Wednesday, 24 December 2025

Red One (4 Stars)



Red One is a glossy, overpowered Christmas blockbuster that feels less like a festive tale and more like a Marvel superhero film that happens to involve Santa Claus. Directed by Jake Kasdan, it throws Dwayne Johnson and Chris Evans into a hyperactive rescue mission when Santa is kidnapped, blending action, comedy and mythological lore with the confidence of a film that assumes scale alone will generate wonder.

Johnson plays Callum Drift, the stoic head of North Pole security, while Evans is a fast talking civilian reluctantly dragged into the operation. Their chemistry is serviceable rather than sparkling; Evans leans into his sarcastic charm, Johnson leans into his granite seriousness. The result is familiar buddy movie territory, albeit wrapped in snow, elves and CGI creatures that feel imported from half a dozen other franchises.
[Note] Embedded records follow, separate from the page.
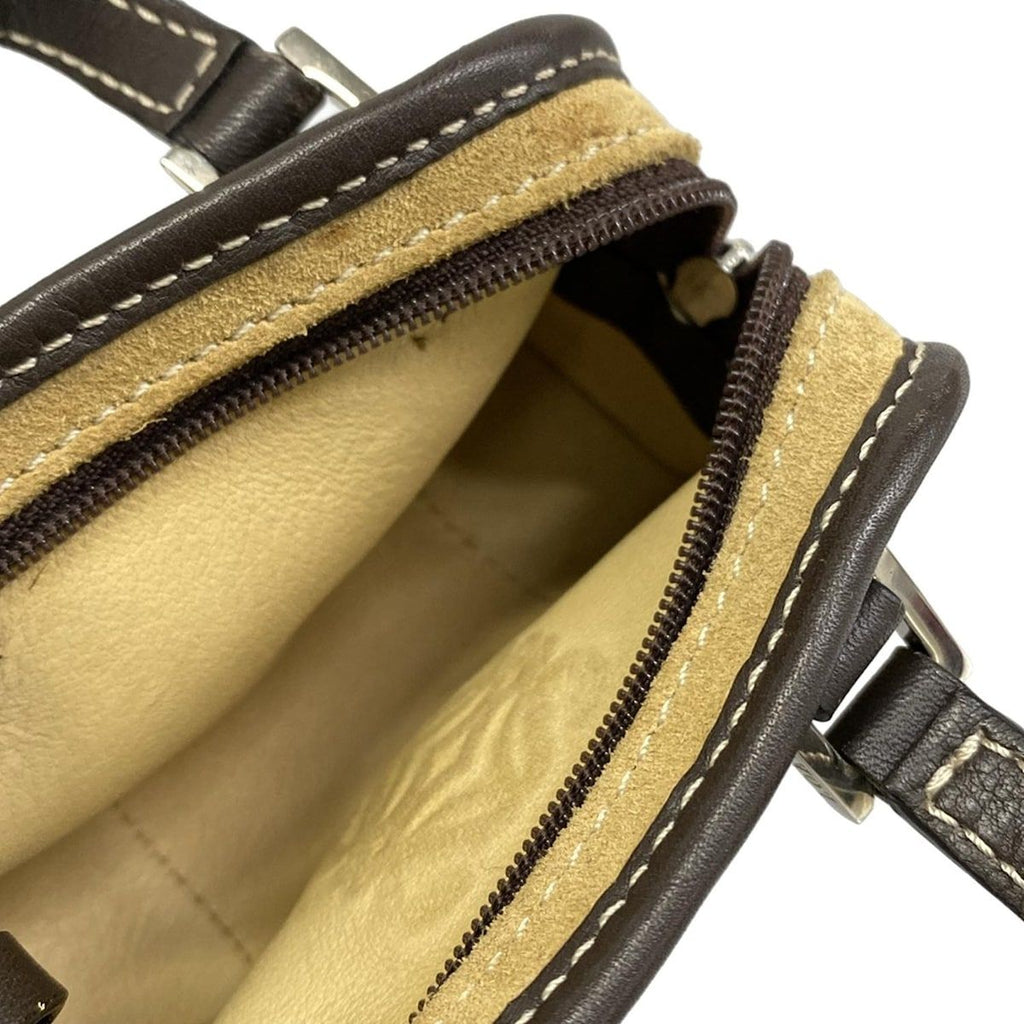 Loewe Amazona Nano Beige Dark Brown Mini Bag with Key Ring Leather — view 7
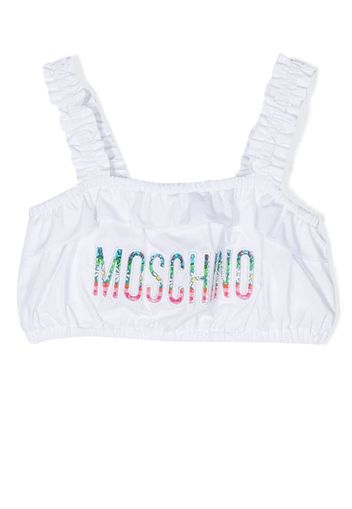 Moschino Kids Top bikini con ricamo - Bianco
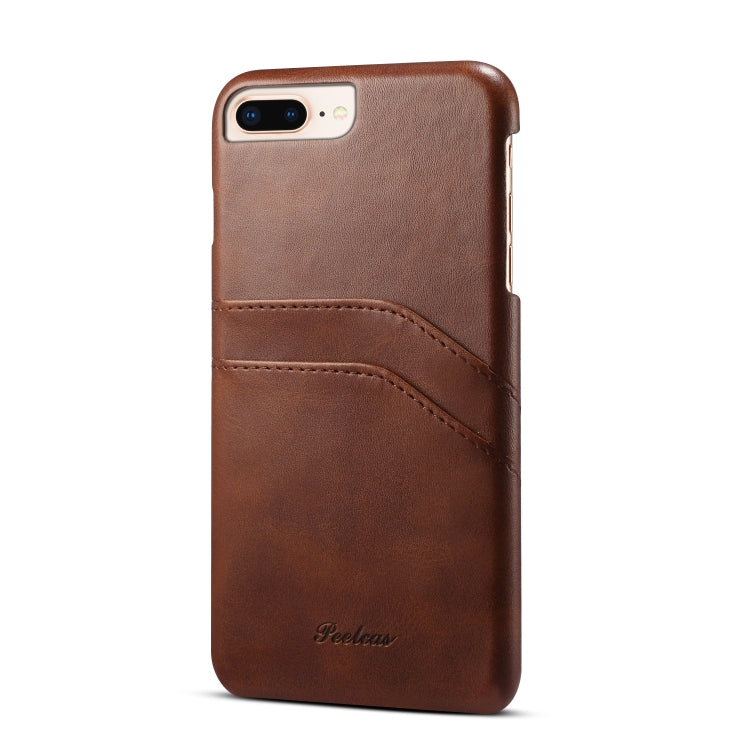 For iPhone 8 Plus & 7 Plus peelcas Shockproof TPU + PU Protective Case with Card Slots
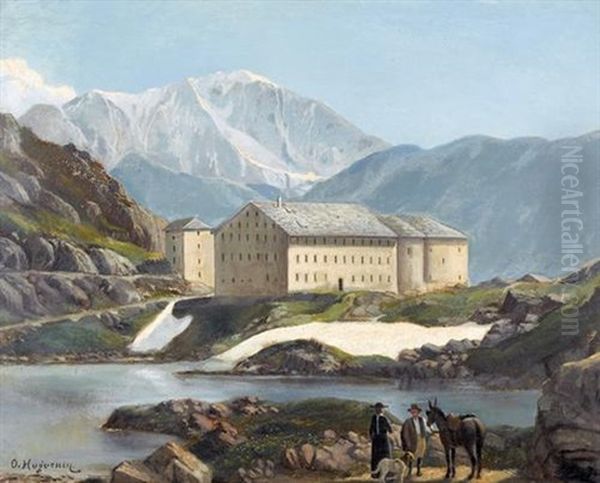 L'hospice Du Grand St-bernard Oil Painting by Oscar Huguenin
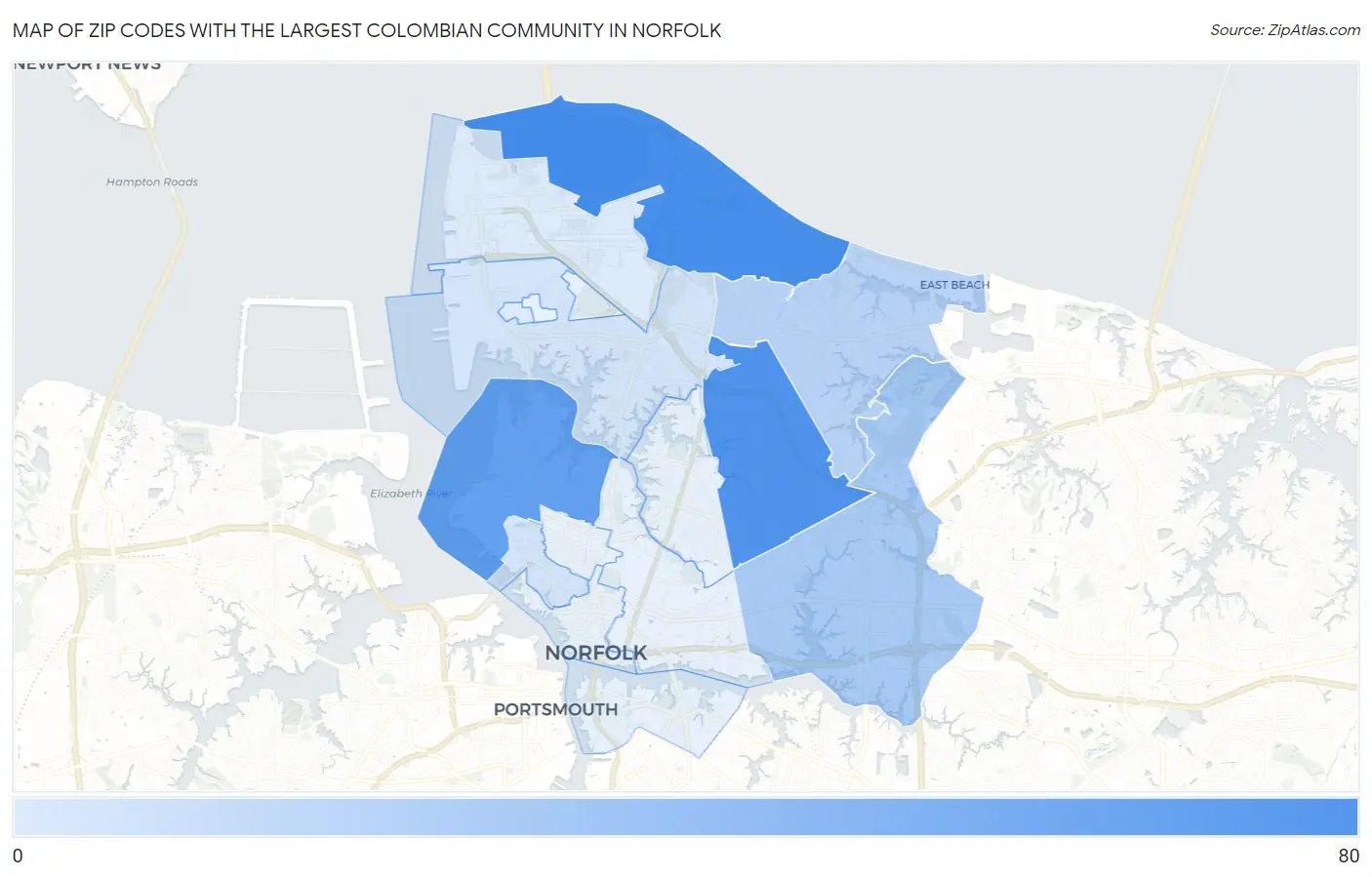 Zip Codes with the Largest Colombian Community in Norfolk Map
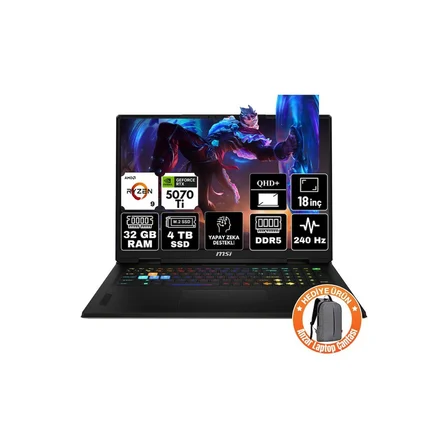 MSI Msı Vector A18 Hx Amd Ryzen 9 9955HX 32GB 4tb SSD RTXRTX5070TI 12GB Freedos 18" Qhd+ 240Hz Taşınabilir Bilgisayar A9WHG-A3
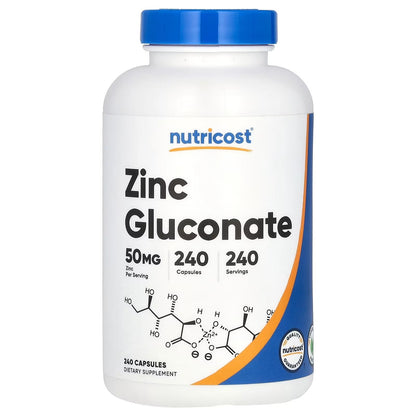 Nutricost Zinc Gluconate 50mg – 240 Veggie Capsules, 2 Bottles, Zinc Mineral Supplement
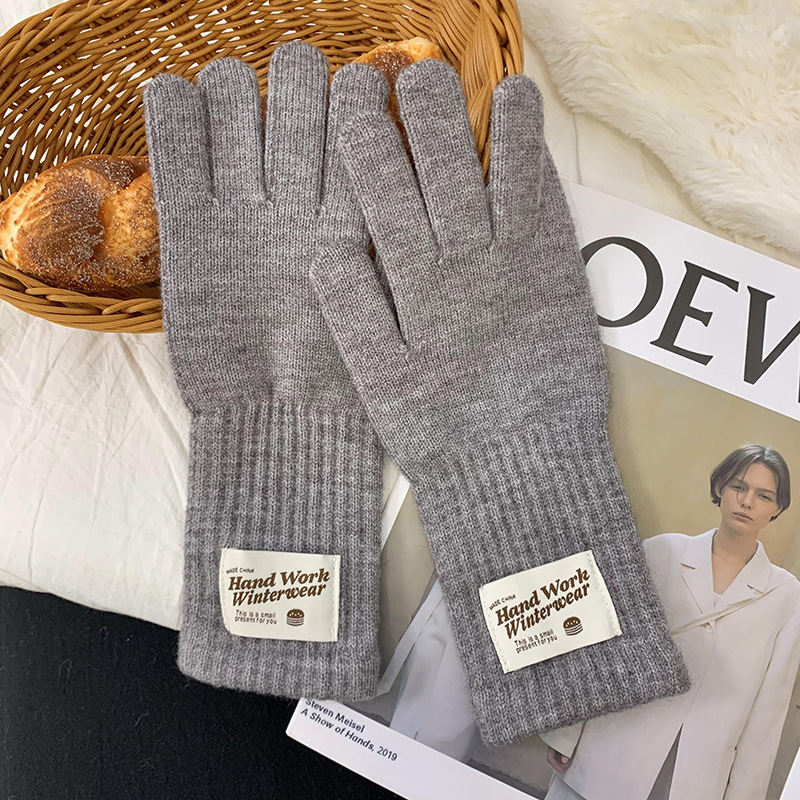 Guantes de ciclismo 2025, otoño y invierno nuevos guantes de punto de lana gruesa alargada guantes de dedo caliente al por mayor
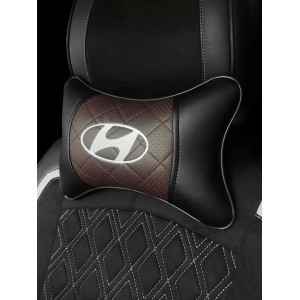 Подушка на подголовник HYUNDAI (из экокожи c коричневой вставкой)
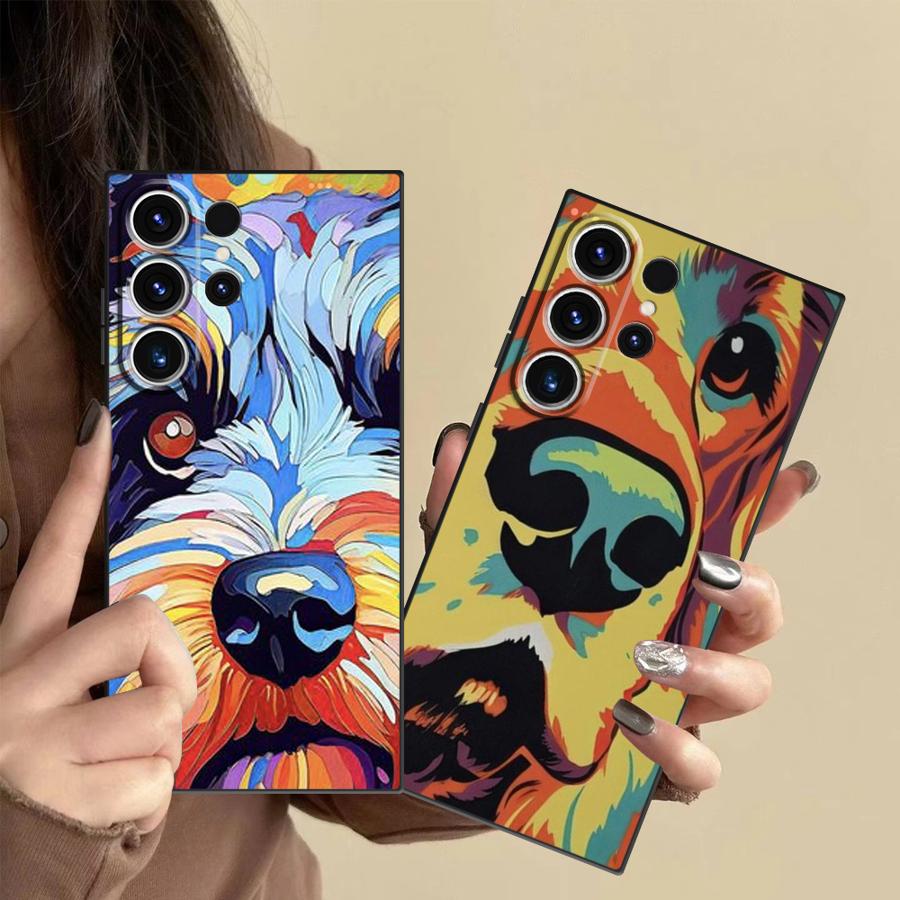 Phone Cases Samsung S25 Ultra - Colorful Dog Pop Painting Case for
Everything is big, loud and relentlessly busy, yet rarely magical.

J K Simmons' Santa Claus is the film's most interesting element. This is not the twinkly grandfather figure of tradition but a weary, muscular administrator of Christmas, closer to a CEO than a saint. That portrayal feeds neatly into the film's underlying question: is Santa Claus real, or just a story we collectively agree to believe?

Red One answers this in a very modern way: Santa is real within the film's universe, but his power depends entirely on belief. The more people believe in him, the stronger Christmas becomes; cynicism literally weakens the world. This allows the film to have it both ways. Children can take Santa at face value, adults can read him as a metaphor for generosity, kindness and communal faith. Santa exists because people need him to exist.

That idea is arguably the most Christmassy thing about the film, yet it is never explored with much depth. The script is far more interested in lore, chase scenes and setting up a potential franchise. Moments that might have slowed down to reflect on why belief matters are quickly buried under another explosion or wisecrack.

As a Christmas film, Red One feels oddly joyless. It acknowledges the concept of wonder without ever quite delivering it. Compared to classics that let sentimentality breathe, this one keeps moving as if afraid of sincerity. The result is entertaining enough in short bursts, but emotionally thin.

Ultimately, Red Onetreats Santa Claus as real in the way blockbuster cinema treats everything; real as long as it is profitable, expandable and endlessly rebootable. Whether that makes him any less real than the Santa of stories is up to the viewer. The film suggests that belief itself is the point, even if it forgets to make us feel why that belief once mattered so much.